* **What you are asked to do**: From the first line to the last, please write out the data exactly.
+++ The data +++
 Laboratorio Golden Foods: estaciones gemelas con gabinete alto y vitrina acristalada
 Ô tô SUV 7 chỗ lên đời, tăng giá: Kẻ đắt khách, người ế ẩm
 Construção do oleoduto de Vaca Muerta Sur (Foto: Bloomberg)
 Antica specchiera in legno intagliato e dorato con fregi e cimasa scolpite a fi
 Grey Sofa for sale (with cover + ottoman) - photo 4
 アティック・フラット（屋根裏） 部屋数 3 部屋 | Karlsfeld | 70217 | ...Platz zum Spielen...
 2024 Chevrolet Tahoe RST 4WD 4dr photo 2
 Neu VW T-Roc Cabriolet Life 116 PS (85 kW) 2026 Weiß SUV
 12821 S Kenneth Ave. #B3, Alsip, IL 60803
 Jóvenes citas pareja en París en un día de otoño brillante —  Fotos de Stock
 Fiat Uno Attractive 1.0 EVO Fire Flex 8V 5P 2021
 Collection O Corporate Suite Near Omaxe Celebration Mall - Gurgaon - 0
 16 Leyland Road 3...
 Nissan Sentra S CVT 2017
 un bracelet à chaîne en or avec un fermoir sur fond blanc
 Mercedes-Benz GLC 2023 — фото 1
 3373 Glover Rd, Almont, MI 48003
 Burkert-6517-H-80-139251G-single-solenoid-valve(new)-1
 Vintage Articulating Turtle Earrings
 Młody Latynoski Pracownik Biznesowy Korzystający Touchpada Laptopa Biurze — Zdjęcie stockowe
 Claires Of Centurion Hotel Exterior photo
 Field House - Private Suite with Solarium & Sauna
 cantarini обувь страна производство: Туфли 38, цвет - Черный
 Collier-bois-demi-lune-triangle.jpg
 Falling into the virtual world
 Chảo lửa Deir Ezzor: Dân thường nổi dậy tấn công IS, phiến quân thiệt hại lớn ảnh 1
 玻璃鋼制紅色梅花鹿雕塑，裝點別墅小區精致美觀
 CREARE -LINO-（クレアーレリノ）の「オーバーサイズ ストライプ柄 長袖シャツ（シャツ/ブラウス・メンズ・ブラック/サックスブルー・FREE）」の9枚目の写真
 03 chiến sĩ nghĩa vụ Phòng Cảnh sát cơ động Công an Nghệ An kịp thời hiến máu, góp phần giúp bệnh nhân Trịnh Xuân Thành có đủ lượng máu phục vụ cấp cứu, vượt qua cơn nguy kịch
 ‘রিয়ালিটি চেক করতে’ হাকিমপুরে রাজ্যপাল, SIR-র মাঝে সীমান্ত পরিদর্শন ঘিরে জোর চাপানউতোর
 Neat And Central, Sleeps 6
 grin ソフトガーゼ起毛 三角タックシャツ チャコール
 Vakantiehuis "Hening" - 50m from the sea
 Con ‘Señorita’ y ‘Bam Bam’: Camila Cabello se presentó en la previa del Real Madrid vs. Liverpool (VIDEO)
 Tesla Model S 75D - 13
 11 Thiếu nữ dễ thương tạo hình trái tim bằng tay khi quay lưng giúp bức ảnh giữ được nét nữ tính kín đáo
+++
* **Written solution**:
 Laboratorio Golden Foods: estaciones gemelas con gabinete alto y vitrina acristalada
 Ô tô SUV 7 chỗ lên đời, tăng giá: Kẻ đắt khách, người ế ẩm
 Construção do oleoduto de Vaca Muerta Sur (Foto: Bloomberg)
 Antica specchiera in legno intagliato e dorato con fregi e cimasa scolpite a fi
 Grey Sofa for sale (with cover + ottoman) - photo 4
 アティック・フラット（屋根裏） 部屋数 3 部屋 | Karlsfeld | 70217 | ...Platz zum Spielen...
 2024 Chevrolet Tahoe RST 4WD 4dr photo 2
 Neu VW T-Roc Cabriolet Life 116 PS (85 kW) 2026 Weiß SUV
 12821 S Kenneth Ave. #B3, Alsip, IL 60803
 Jóvenes citas pareja en París en un día de otoño brillante —  Fotos de Stock
 Fiat Uno Attractive 1.0 EVO Fire Flex 8V 5P 2021
 Collection O Corporate Suite Near Omaxe Celebration Mall - Gurgaon - 0
 16 Leyland Road 3...
 Nissan Sentra S CVT 2017
 un bracelet à chaîne en or avec un fermoir sur fond blanc
 Mercedes-Benz GLC 2023 — фото 1
 3373 Glover Rd, Almont, MI 48003
 Burkert-6517-H-80-139251G-single-solenoid-valve(new)-1
 Vintage Articulating Turtle Earrings
 Młody Latynoski Pracownik Biznesowy Korzystający Touchpada Laptopa Biurze — Zdjęcie stockowe
 Claires Of Centurion Hotel Exterior photo
 Field House - Private Suite with Solarium & Sauna
 cantarini обувь страна производство: Туфли 38, цвет - Черный
 Collier-bois-demi-lune-triangle.jpg
 Falling into the virtual world
 Chảo lửa Deir Ezzor: Dân thường nổi dậy tấn công IS, phiến quân thiệt hại lớn ảnh 1
 玻璃鋼制紅色梅花鹿雕塑，裝點別墅小區精致美觀
 CREARE -LINO-（クレアーレリノ）の「オーバーサイズ ストライプ柄 長袖シャツ（シャツ/ブラウス・メンズ・ブラック/サックスブルー・FREE）」の9枚目の写真
 03 chiến sĩ nghĩa vụ Phòng Cảnh sát cơ động Công an Nghệ An kịp thời hiến máu, góp phần giúp bệnh nhân Trịnh Xuân Thành có đủ lượng máu phục vụ cấp cứu, vượt qua cơn nguy kịch
 ‘রিয়ালিটি চেক করতে’ হাকিমপুরে রাজ্যপাল, SIR-র মাঝে সীমান্ত পরিদর্শন ঘিরে জোর চাপানউতোর
 Neat And Central, Sleeps 6
 grin ソフトガーゼ起毛 三角タックシャツ チャコール
 Vakantiehuis "Hening" - 50m from the sea
 Con ‘Señorita’ y ‘Bam Bam’: Camila Cabello se presentó en la previa del Real Madrid vs. Liverpool (VIDEO)
 Tesla Model S 75D - 13
 11 Thiếu nữ dễ thương tạo hình trái tim bằng tay khi quay lưng giúp bức ảnh giữ được nét nữ tính kín đáo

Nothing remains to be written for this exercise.